FIG. 9 schematically shows the driving body 11 and rotating body 12 of this type of motor. A thin plate-like piezoelectric element 14 is attached to the rear surface of the circular stator 13, and the surrounding Radial slits are formed along the .

The stator 13 and the piezoelectric element 14 serve as the driving body 11 and generate a vibration traveling wave λ on the front surface thereof.

The rotating body 12 includes a circular rotor 15 and a slider 16 attached thereto, and the slider 16 is pressed against the stator 13. This rotating body 12 is driven by the vibration of the driving body 11 and rotates in the opposite direction to the direction of the vibration traveling wave.

FIG. 10 is an enlarged rear view of the driver 11. As shown in the figure, the piezoelectric element 14 is polarized, and three electrodes 1 are connected to the polarization.
4a, 14b, and 14c are provided. These electrodes 1
4a and 14b are two systems of high frequency voltage Va with a phase difference of 90°.

It is designed to give vb. To give a specific example, V
It is applied as a=Vsin (ωt) and Vb=Vcos (ωt). Note that the stator 13 is connected to the power supply circuit as the other common electrode (for example, a ground electrode) for each of the electrodes 14a to 14c.

In addition, the power supply voltage (high frequency voltage) V applied as described above
Since a and Vb require 20 to 300 volts, when used as a drive source for small devices such as cameras and video cameras, a drive circuit such as an inverter that boosts the battery voltage and outputs AC voltage is used. ing.

FIG. 11 shows an example of the above-mentioned drive circuit.

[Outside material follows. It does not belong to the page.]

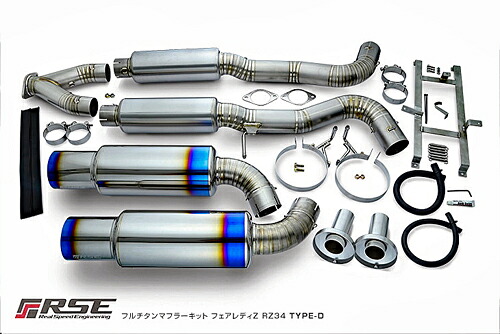 リアルスピードエンジニアリング フルチタンマフラー タイプD 日産 ニッサン フェアレディ Z RZ34用 (RB6090-NS21D)【マフラー】【自動車パーツ】 RSE REAL SPEED ENGINEERING FULL TITAN MUFFLER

In this drive circuit, the switches 17a and 17b are alternately
Further, the switches 18a and 18b are alternately opened and closed to cause one step-up transformer 19 to output a power supply voltage Va, and the other step-up transformer 20 to output a power supply voltage Vb. In this drive circuit, the DC voltage of the battery power supply 21 (for example, 3 to 1
2 volts) is converted into an alternating voltage of 20-300 volts and applied to the electrodes 14a, 14b of the piezoelectric element 14. In addition, in the mounted circuit, switches 17a, 17b, 18a, 1
A semiconductor switch 8b is configured to be repeatedly turned on and off according to predetermined operating conditions by a control circuit, and the power supply voltages Va and vb are outputted at a set driving frequency.

"Problem to be Solved by the Invention" The above-mentioned ultrasonic motor has a resonance frequency f unique to the driving body 11.
m and an anti-resonant frequency fn, and in many cases, the frequency is slightly higher than the resonant frequency fm (anti-resonant frequency fn
The configuration is such that the power supply voltages Va and Vb (lower) are used for driving.

FIG. 12 is an impedance characteristic curve A of the driving body 11 expressed with the frequency f as a parameter, and FIG. 13 is an amplitude characteristic curve B of the driving body 11 similarly expressed with the frequency f as a parameter.

As can be seen from these characteristic curves A and B, the resonant frequency f
Since the amplitude level becomes higher as it approaches m, a frequency slightly higher than this resonance frequency fm is set as the drive frequency fs.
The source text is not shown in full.